In this case, there are not just opportunity costs because your team is kept busy unravelling the Gordian update knot. You also have actual costs, plus damage to your reputation because your software is offline for days or weeks.
The Gordian update knot can also become a problem even if no updates are urgently needed. The cost of changes to the software rise massively. Even the smallest change can be very expensive and involve major risks. Perhaps the existing software was neglected for too long, and is now in such a poor condition that renovation is barely worth it and it would be cheaper to build something new.
Even if that makes us, the software developer, happy it is not a sustainable and efficient IT strategy.

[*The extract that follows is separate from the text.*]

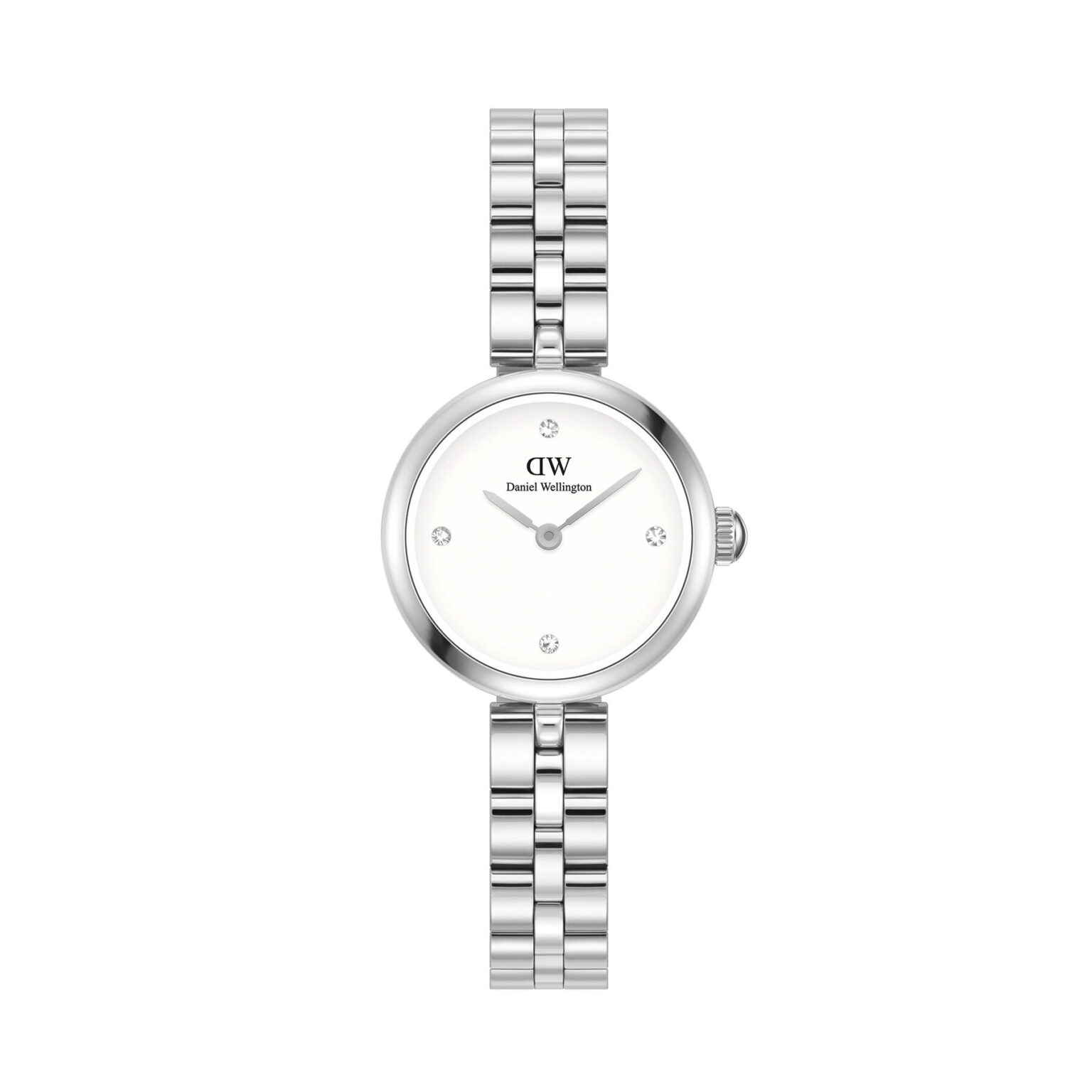 Часовник Daniel Wellington на ниска цена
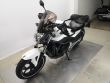 NC 700 S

In addition, we would much prefer to work on new, innovative projects.
Is a more aggressive update strategy the solution?
Extreme Programming (XP) has a mantra: "If it hurts, do it more often." That also seems to be a good strategy for our update problem. More and more software companies and users are backing this kind of strategy. With this, new versions of dependencies are integrated continuously and without delay. This does take investment, but it also has many benefits.
A strategy like this, however, of necessity requires a high level of automation, if the costs are not going to grow exponentially. Several updates per week are absolutely normal for software projects with a large number of dependencies. This pace cannot be managed without automated builds, integration, quality assurance, testing, releases and deployment. Especially for software projects that are in maintenance mode, and otherwise are not being actively worked on.
Modern software development processes with their automated pipelines (continuous delivery / continuous deployment) mesh well with this kind of development. Updates to dependencies such as libraries, runtime environments or services can be automated and integrated directly into the software delivery pipeline. The build environment checks continuously to see whether new versions of dependencies are available. If so, the updates are automatically integrated and the software delivery pipeline is kicked into action with build, testing, deployment etc. Only when there are errors, software developers do have to intervene manually and adjust the code as necessary.
This approach guarantees that the software is always up-to-date as far its dependencies are concerned. Urgent and security critical updates can be integrated and deployed rapidly and efficiently. The risk from code changes is minimized, because the changes are only very small each time and automated tests safeguard software quality.
Third-party components are an integral part of modern software development. Today's applications could not be envisaged without powerful libraries, runtime environments, services and APIs, and certainly would cost unacceptably more. Third-party components and dependencies do, however, need continual maintenance and need to be kept up-to-date. Delaying updates and bundling them may initially look like a viable option. However, the risks and costs of this option should not be underestimated.
The automation of the updates to third-party components and their integration in continuous software delivery pipelines is a much preferable solution. Taking a long term view, this option has fewer risks and is more economical and more sustainable.